[Opening GIVEN ENTRIES section]

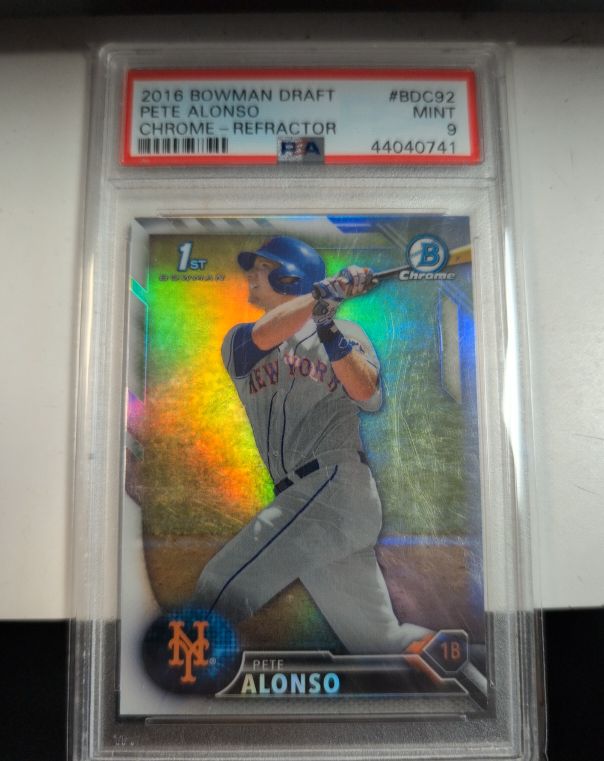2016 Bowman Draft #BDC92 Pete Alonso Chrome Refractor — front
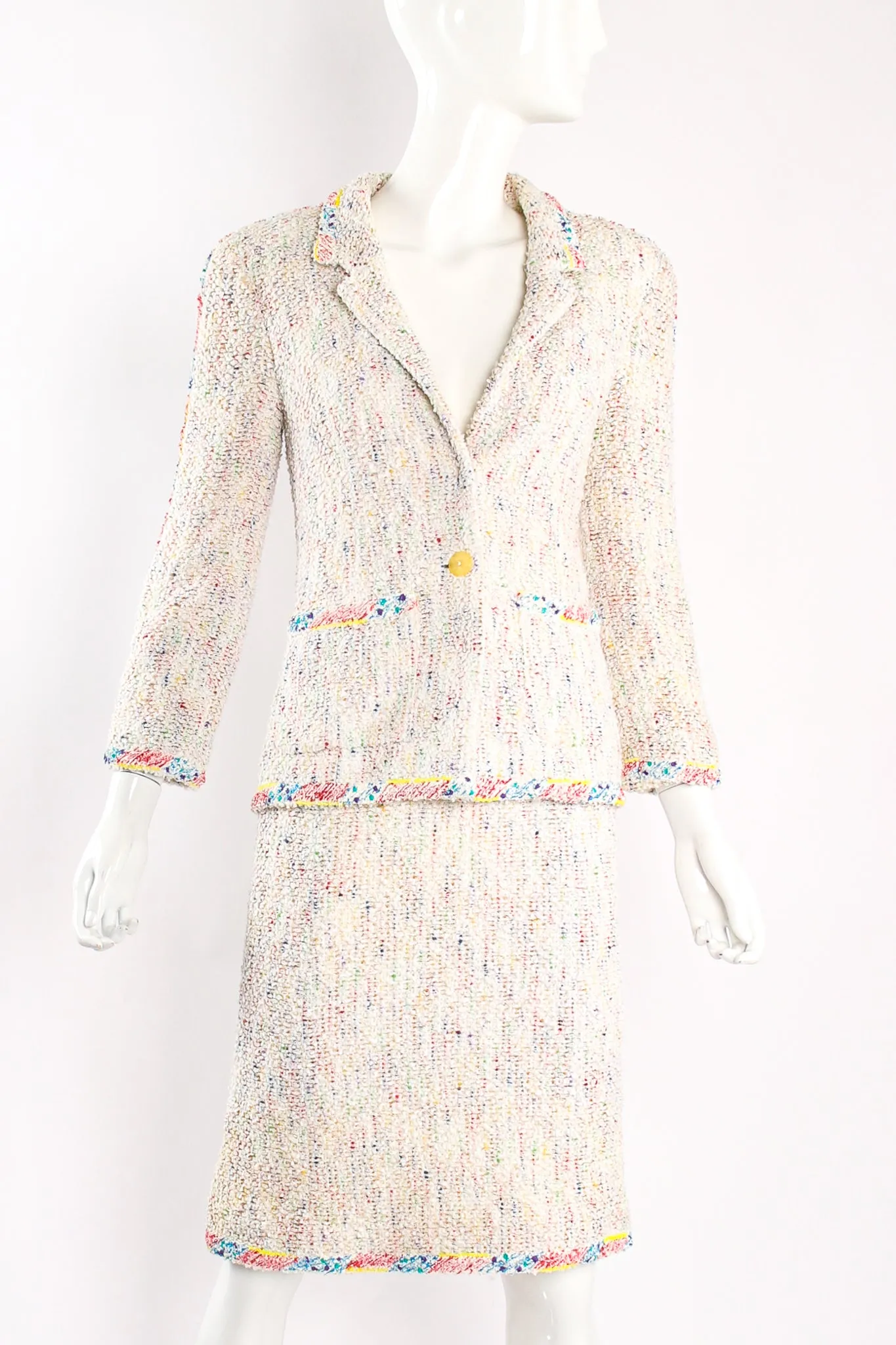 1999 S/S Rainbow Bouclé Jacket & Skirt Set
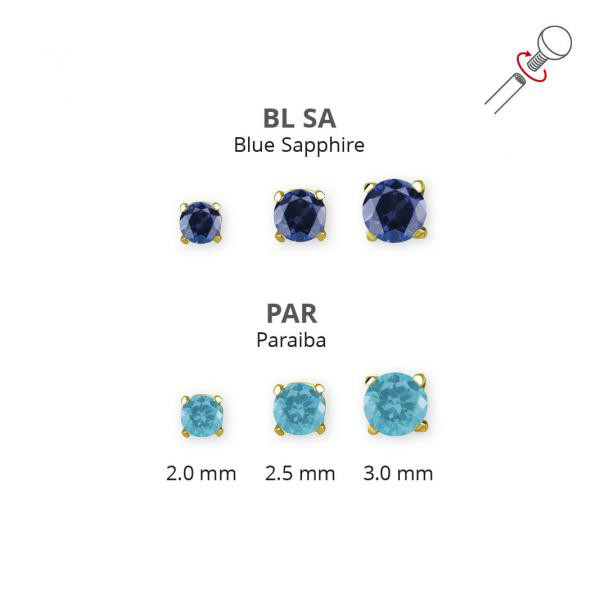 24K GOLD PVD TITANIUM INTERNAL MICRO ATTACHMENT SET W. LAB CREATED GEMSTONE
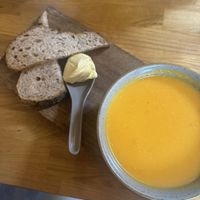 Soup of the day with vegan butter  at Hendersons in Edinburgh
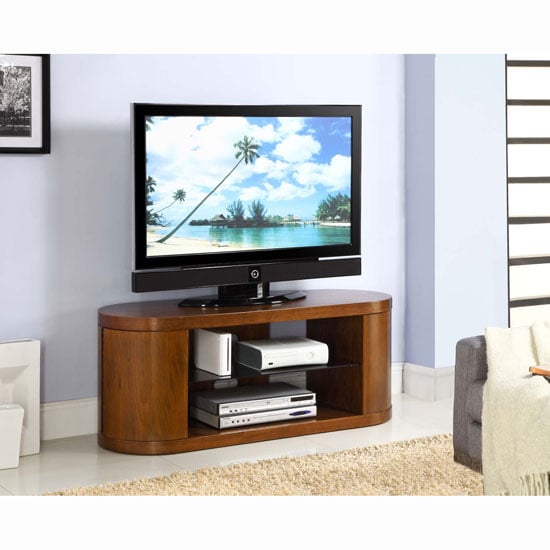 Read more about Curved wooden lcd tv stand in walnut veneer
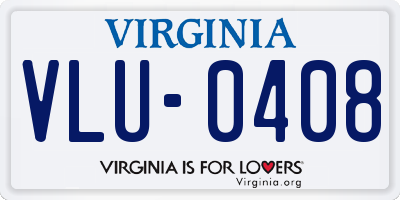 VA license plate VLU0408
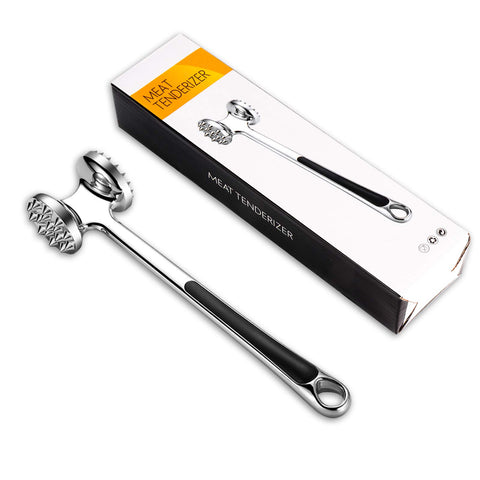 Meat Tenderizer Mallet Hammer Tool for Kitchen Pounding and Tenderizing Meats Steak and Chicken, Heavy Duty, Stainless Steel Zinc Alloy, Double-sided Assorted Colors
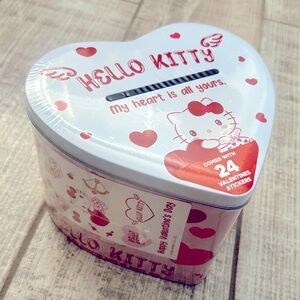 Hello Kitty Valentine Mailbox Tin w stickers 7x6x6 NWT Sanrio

[Closing GIVEN ENTRIES section]

◆ **THE PROBLEM**
Would you restate, word for word, the lines from the one holding "Soup of the" through the end of the material above? Omit the pictures.

◆ **ANSWER TO THIS EXERCISE**
 Soup of the day with vegan butter  at Hendersons in Edinburgh
 Read more about Curved wooden lcd tv stand in walnut veneer
 VA license plate VLU0408
 Meat Tenderizer Mallet Hammer Tool for Kitchen Pounding and Tenderizing Meats Steak and Chicken, Heavy Duty, Stainless Steel Zinc Alloy, Double-sided Assorted Colors
 Hello Kitty Valentine Mailbox Tin w stickers 7x6x6 NWT Sanrio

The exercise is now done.